The constitutional validity of the 10% excise gambling tax does not appear to have been passed on by the Supreme Court of the United States, but in United States v. Kahringer, 345 U.S. 22, 73 S. Ct. 510, 97 L. Ed. 754, the Federal gambling stamp was approved and held not in violation of the privilege against self-incrimination guaranteed by the Fifth Amendment to the United States Constitution. In the Federal Court one cannot plead self-incrimination for the reason that his testimony may be used to incriminate him in the State Court. State v. Kelly, supra, and United States v. Murdock, 284 U.S. 141, 52 S. Ct. 63, 76 L. Ed. 210. By the logic of these cases and the majority reasoning in United States v. Kahringer, supra, it may well be that if defendants admit payment of the excise gambling tax they would sacrifice the right of self-incrimination under the Fifth Amendment, United States Constitution. United States v. Di Carlo, D.C., 102 F. Supp. 597; Note 66 Harvard Law Review 186.

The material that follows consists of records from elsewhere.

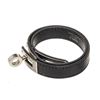 Image 2 : Hermes Black Leather Kelly Double Tour Bracelet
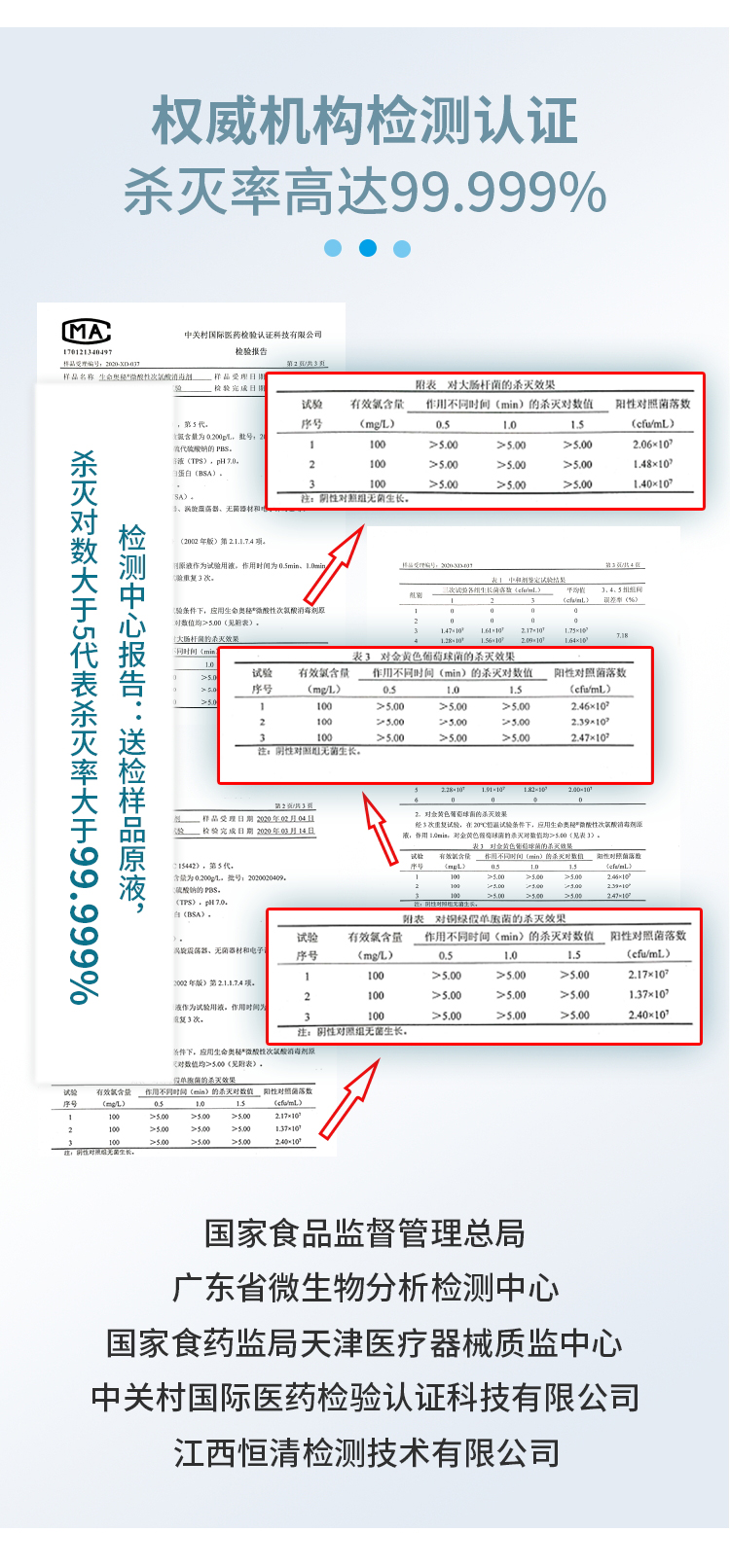 生命奥秘次氯酸消毒液500ml消毒剂喷雾杀菌免洗手不含酒精
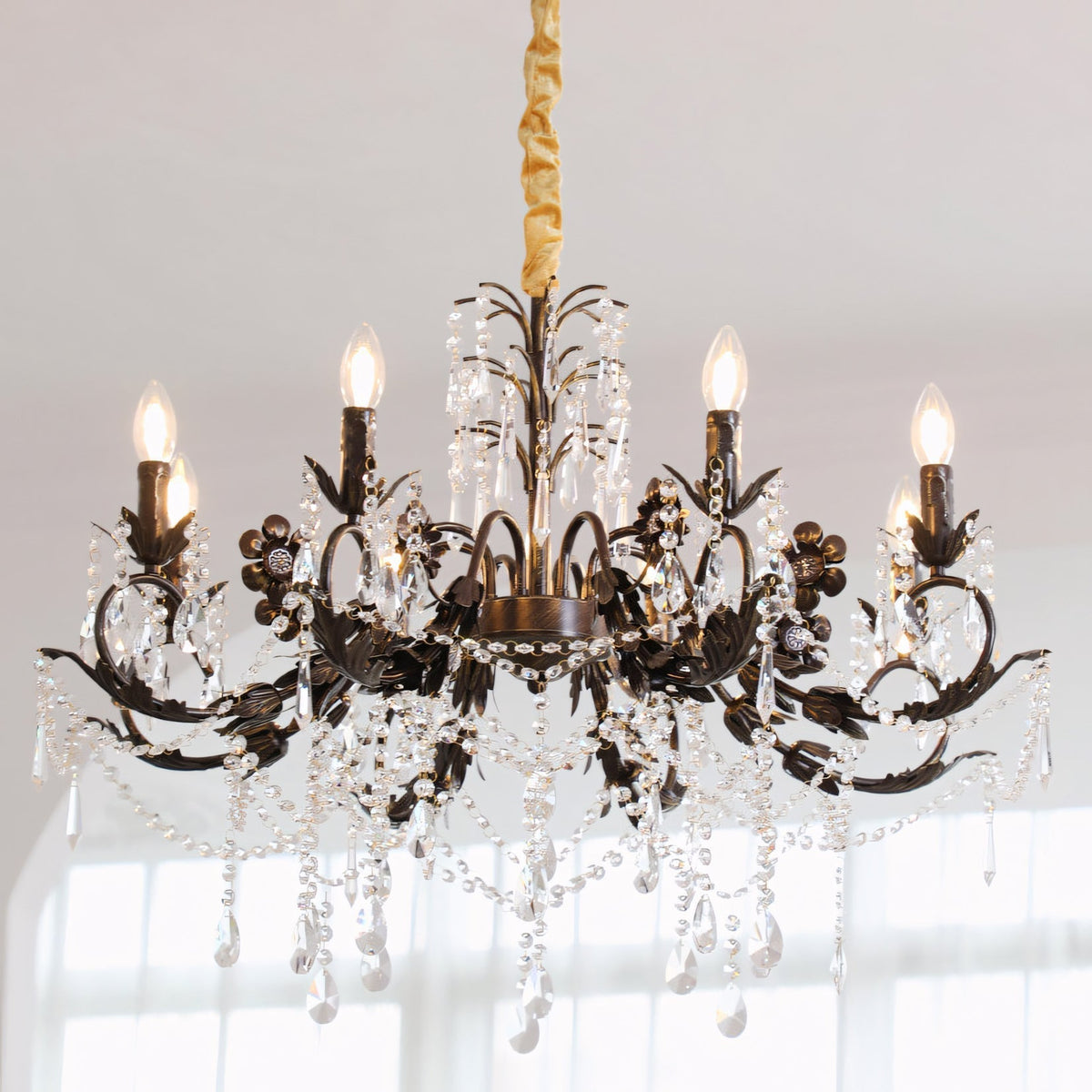 Somna candelabru, floral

In Clark v. State, 68 Fla. 433, 67 So. 135, 136, this Court held that testimony given by defendant in a Federal Bankruptcy proceeding could not be used in a later criminal proceeding in the State. "To permit the introduction of such proffered testimony would be violative of the provition of section 12, Declaration of Rights in our state Constitution in compelling, indirectly at least, the defendant in a criminal case to be a witness against himself. See Daniels v. State, 57 Fla. 1, 48 So. 747." The evidence in the Clark case was secured in a bankruptcy proceeding, the bankruptcy act providing that no testimony given by a witness could be used in any criminal proceeding against him. A restriction applied to Federal Courts only, but in the recent United States Supreme Court case of Adams v. State of Maryland, 1954, 347 U.S. 179, 74 S. Ct. 442, a similar restriction was imposed on evidence taken by Senate investigation committee as to criminal trials in a state court. A reasonable deduction from Adams v. Maryland and United States v. Kahringer, supra, is that an act of Congress may control the State's application of evidence given before an investigation committee hearing, a federal administrative agency or before a Federal Court. Section 3297, 26 U.S.C.A., gambling tax law, provides that payment of the tax shall not exempt any person from criminal penalties for violation of state or federal law against gambling.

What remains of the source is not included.